Available data ->
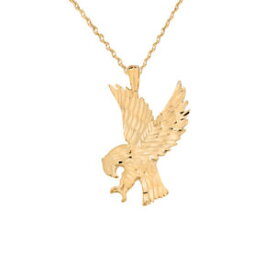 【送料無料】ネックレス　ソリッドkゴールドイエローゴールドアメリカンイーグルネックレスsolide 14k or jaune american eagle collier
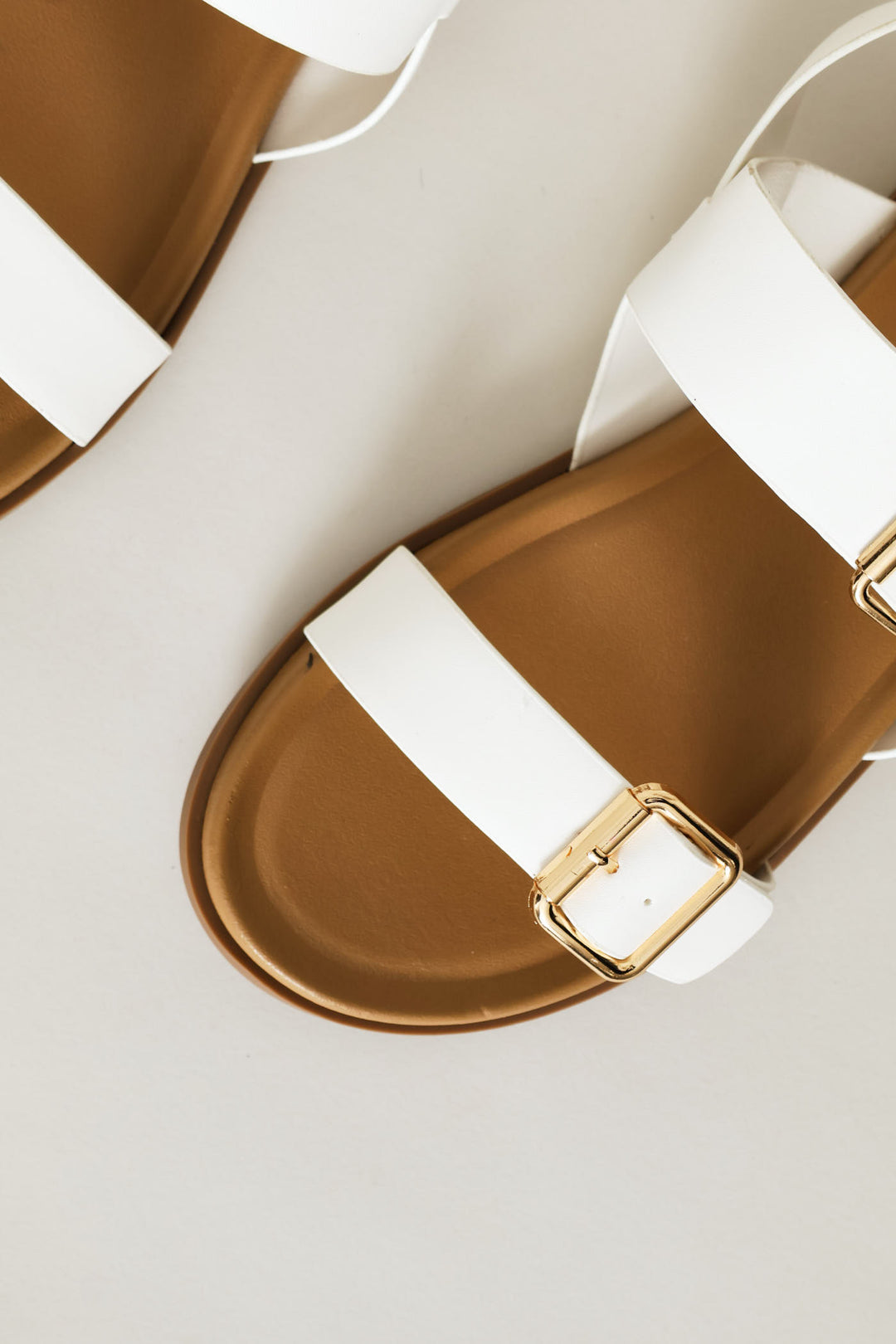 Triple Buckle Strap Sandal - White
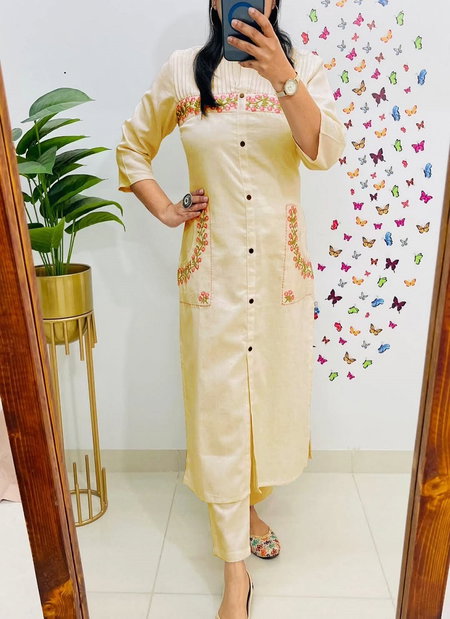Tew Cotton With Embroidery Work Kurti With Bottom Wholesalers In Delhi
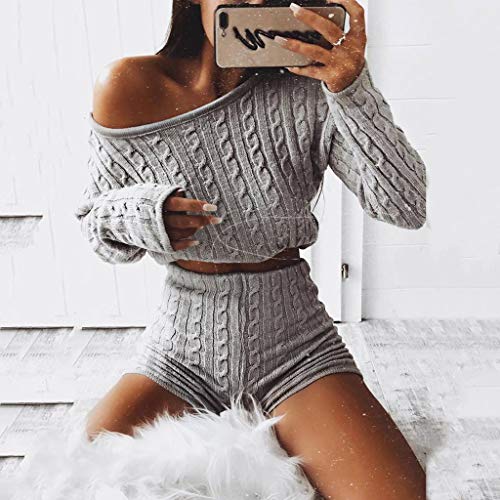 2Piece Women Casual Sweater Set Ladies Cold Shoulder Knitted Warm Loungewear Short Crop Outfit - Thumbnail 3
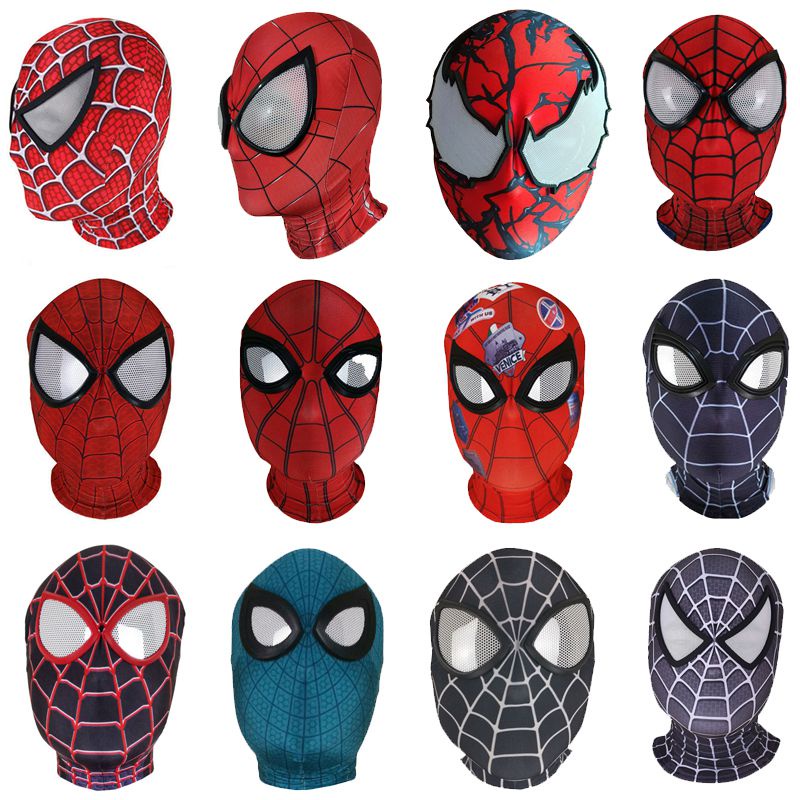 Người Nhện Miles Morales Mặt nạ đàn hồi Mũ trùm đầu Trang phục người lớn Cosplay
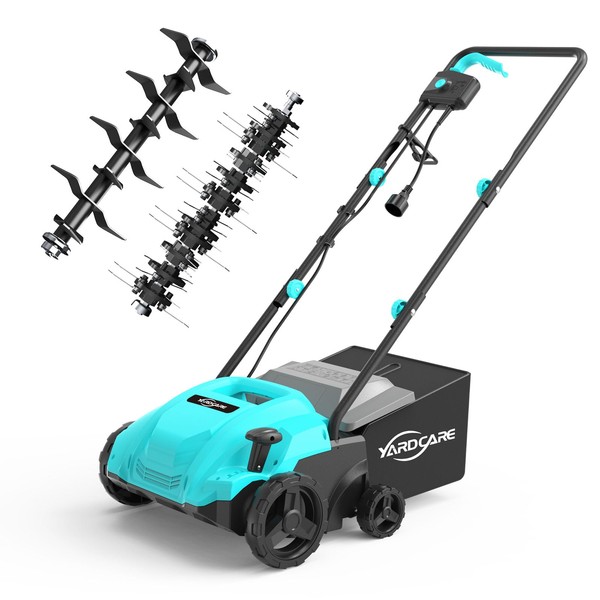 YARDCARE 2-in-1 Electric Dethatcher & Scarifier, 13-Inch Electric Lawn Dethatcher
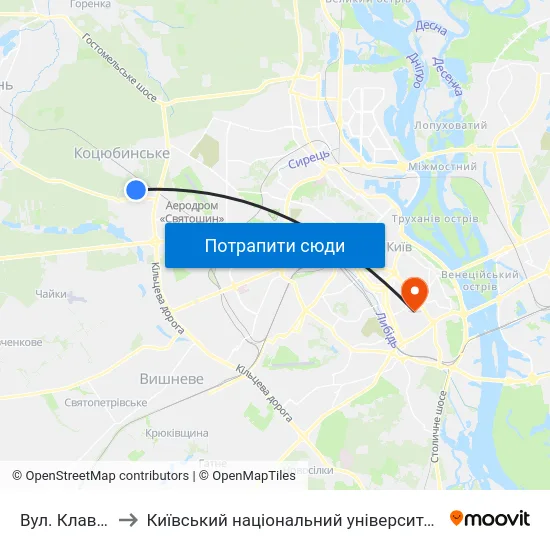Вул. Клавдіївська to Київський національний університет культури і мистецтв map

Work to be completed -> Line by line, reproduce exactly the lines from the one containing "Triple Buckle Strap Sandal - White" through the final line of the material, both included, leaving every picture out.

Response box ->
 Triple Buckle Strap Sandal - White
Tew Cotton With Embroidery Work Kurti With Bottom Wholesalers In Delhi
 2Piece Women Casual Sweater Set Ladies Cold Shoulder Knitted Warm Loungewear Short Crop Outfit - Thumbnail 3
 Người Nhện Miles Morales Mặt nạ đàn hồi Mũ trùm đầu Trang phục người lớn Cosplay
 YARDCARE 2-in-1 Electric Dethatcher & Scarifier, 13-Inch Electric Lawn Dethatcher
Вул. Клавдіївська to Київський національний університет культури і мистецтв map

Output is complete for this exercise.